WHAT THE TASK ASKS: Restate, word for word and with no pictures, the stretch of lines in the data below that begins at the line with "شال مشکی سیا اسکارف پلیسه تک رنگ" and ends at the line with "Made in India", inclusive.

INPUT FOR THIS TASK:
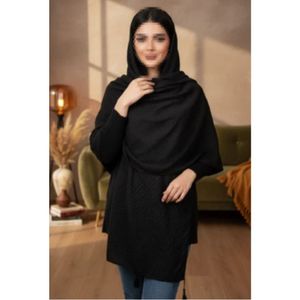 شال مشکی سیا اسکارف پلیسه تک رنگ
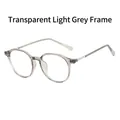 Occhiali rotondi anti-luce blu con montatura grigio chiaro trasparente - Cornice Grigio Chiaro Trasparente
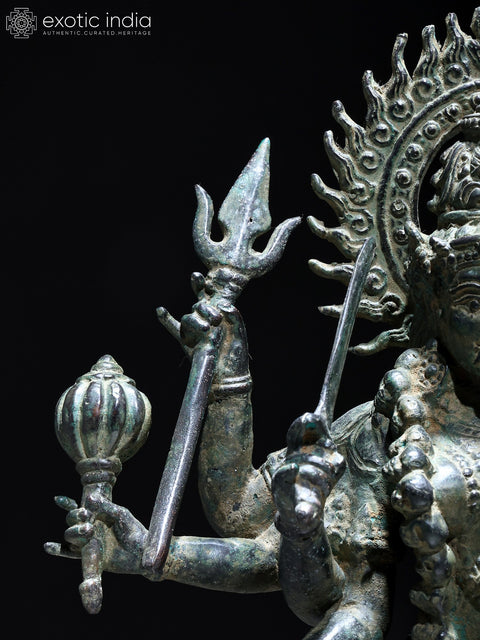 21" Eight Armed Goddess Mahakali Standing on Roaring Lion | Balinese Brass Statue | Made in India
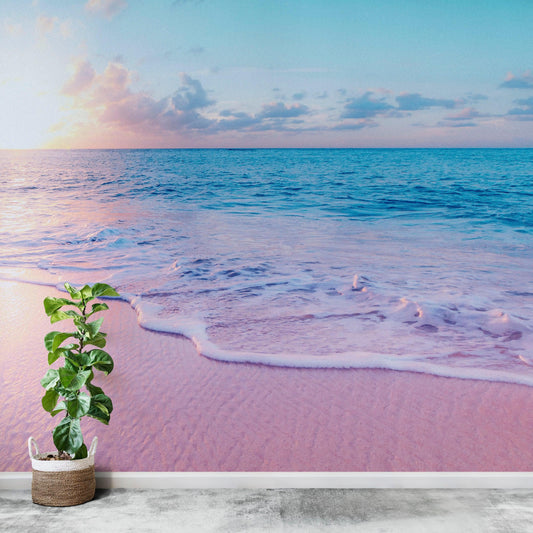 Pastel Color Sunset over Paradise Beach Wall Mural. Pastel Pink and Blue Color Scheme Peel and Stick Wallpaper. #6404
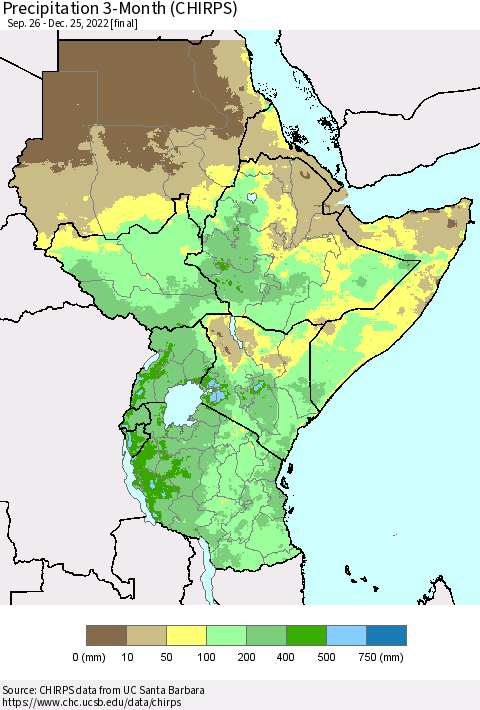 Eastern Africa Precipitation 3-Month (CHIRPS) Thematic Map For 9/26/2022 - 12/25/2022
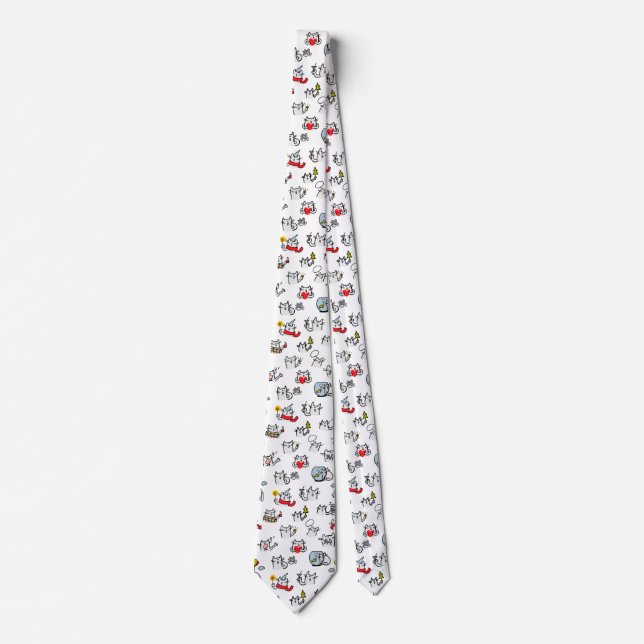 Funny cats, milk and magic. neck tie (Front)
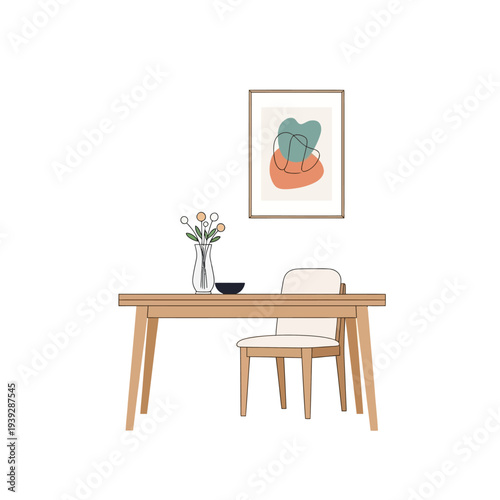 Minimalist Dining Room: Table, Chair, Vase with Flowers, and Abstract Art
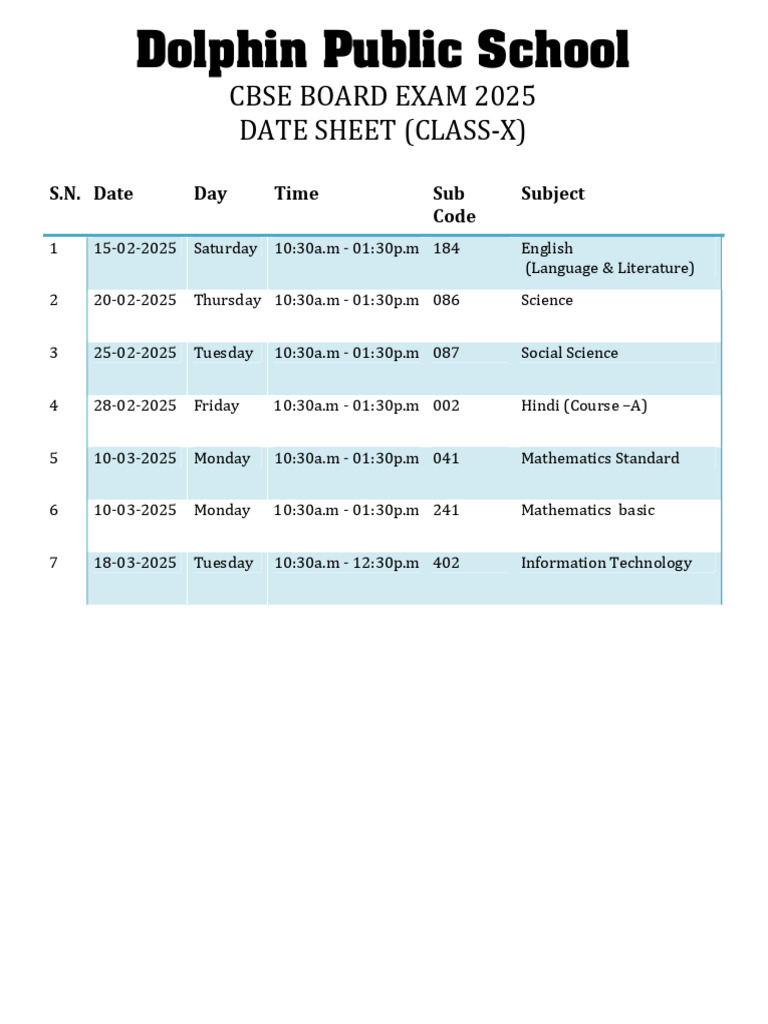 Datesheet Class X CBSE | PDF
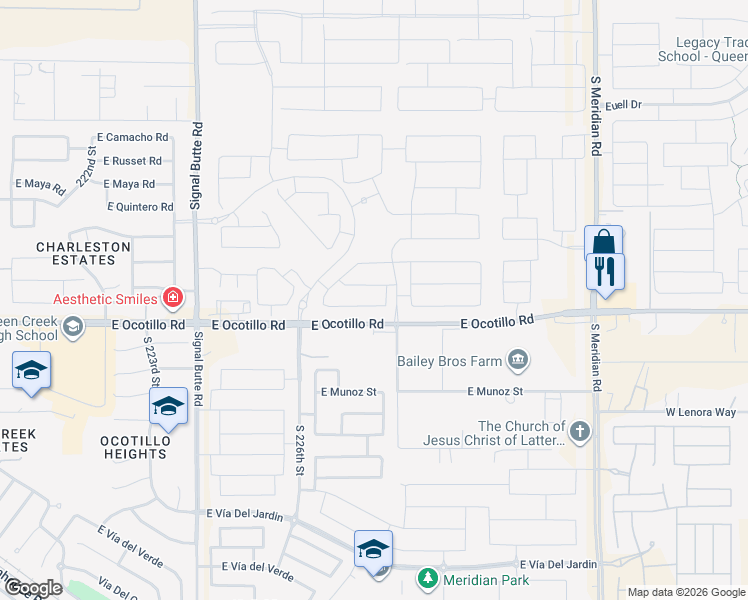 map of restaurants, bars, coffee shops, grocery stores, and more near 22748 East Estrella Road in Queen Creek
--
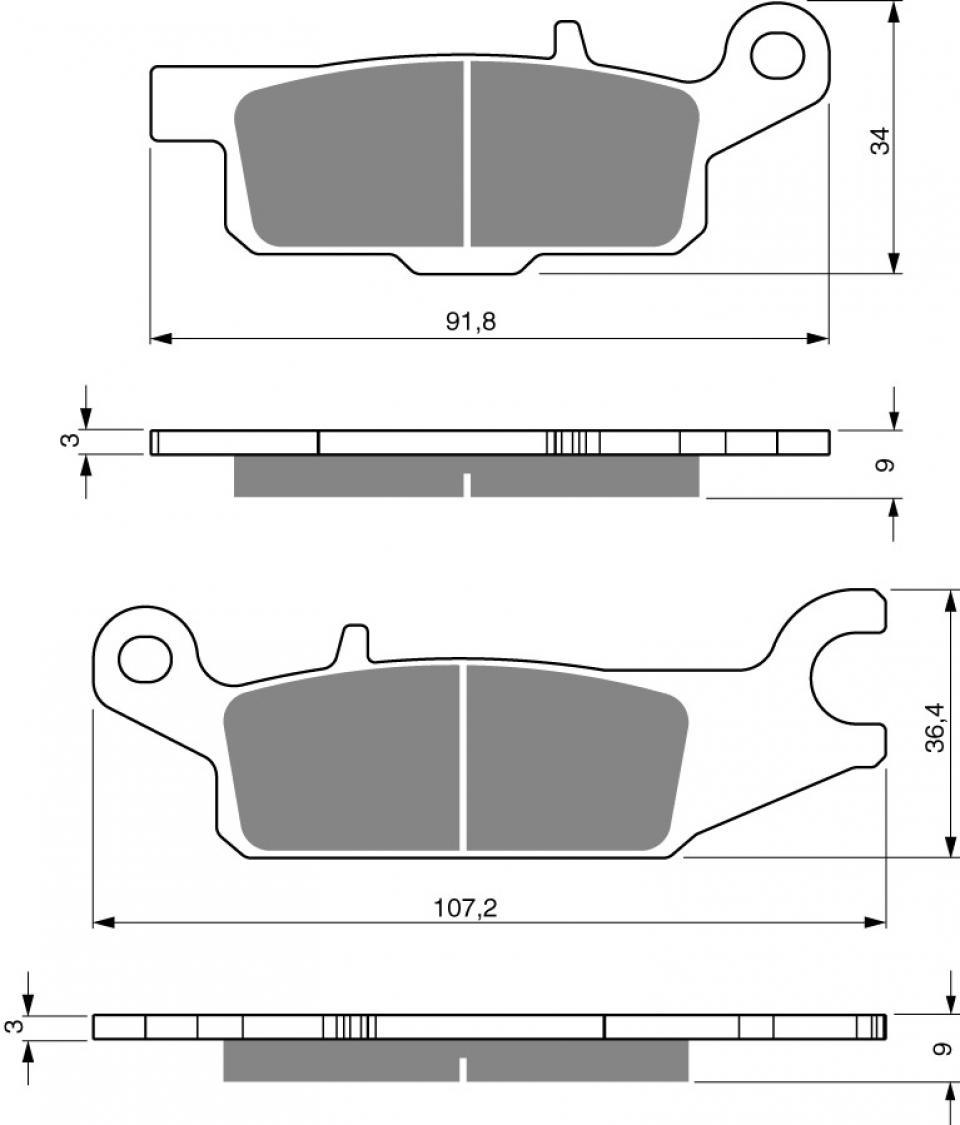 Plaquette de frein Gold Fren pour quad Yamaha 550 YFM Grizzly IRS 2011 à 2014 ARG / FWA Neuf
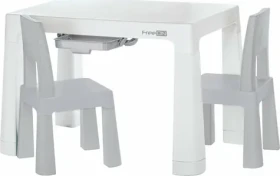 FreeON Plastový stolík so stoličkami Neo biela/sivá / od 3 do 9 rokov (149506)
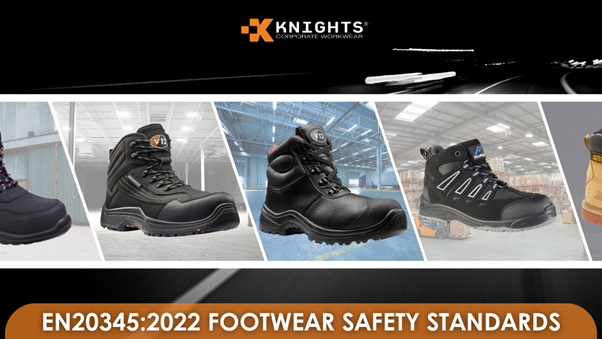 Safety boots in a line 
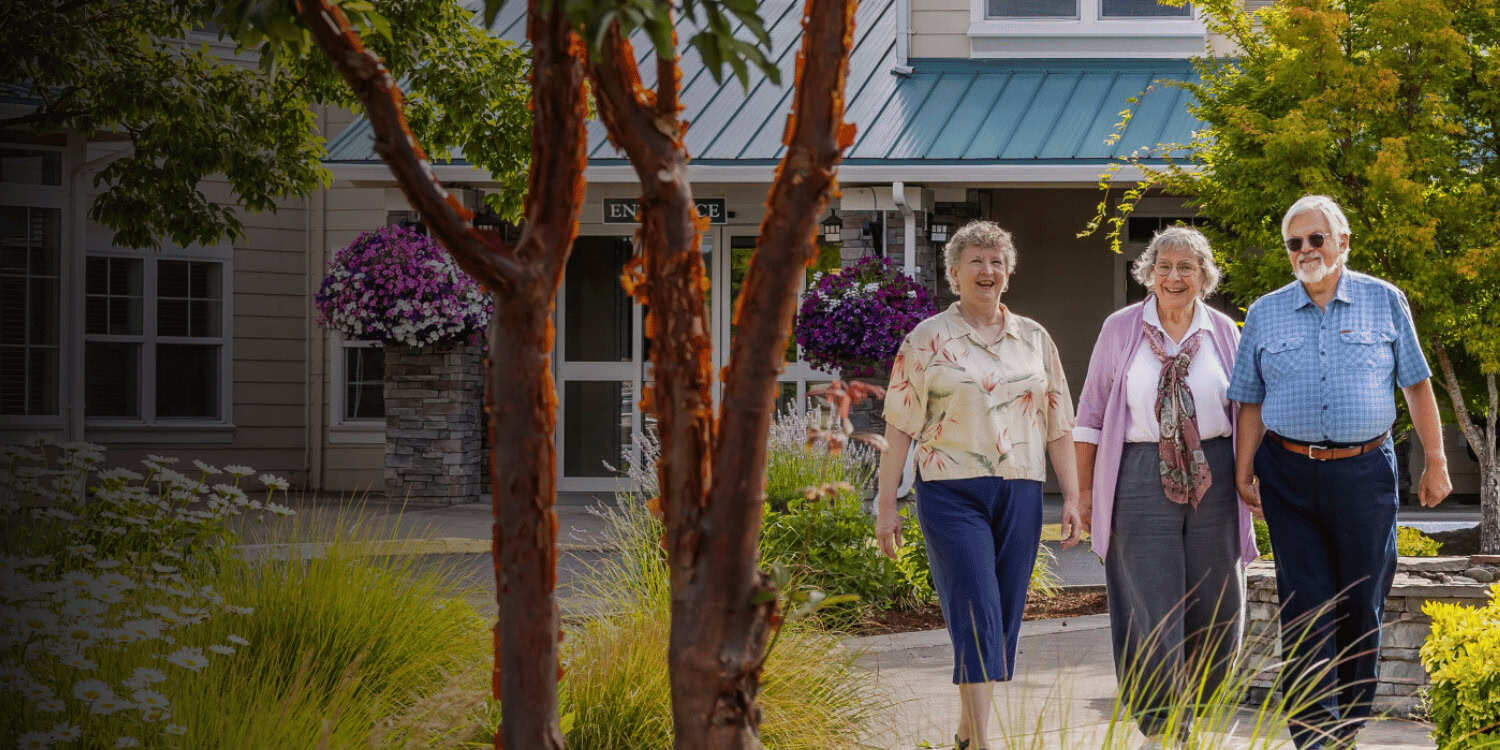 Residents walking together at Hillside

EXERCISE OUTPUT:
 شال مشکی سیا اسکارف پلیسه تک رنگ
 Occhiali rotondi anti-luce blu con montatura grigio chiaro trasparente - Cornice Grigio Chiaro Trasparente
 21" Eight Armed Goddess Mahakali Standing on Roaring Lion | Balinese Brass Statue | Made in India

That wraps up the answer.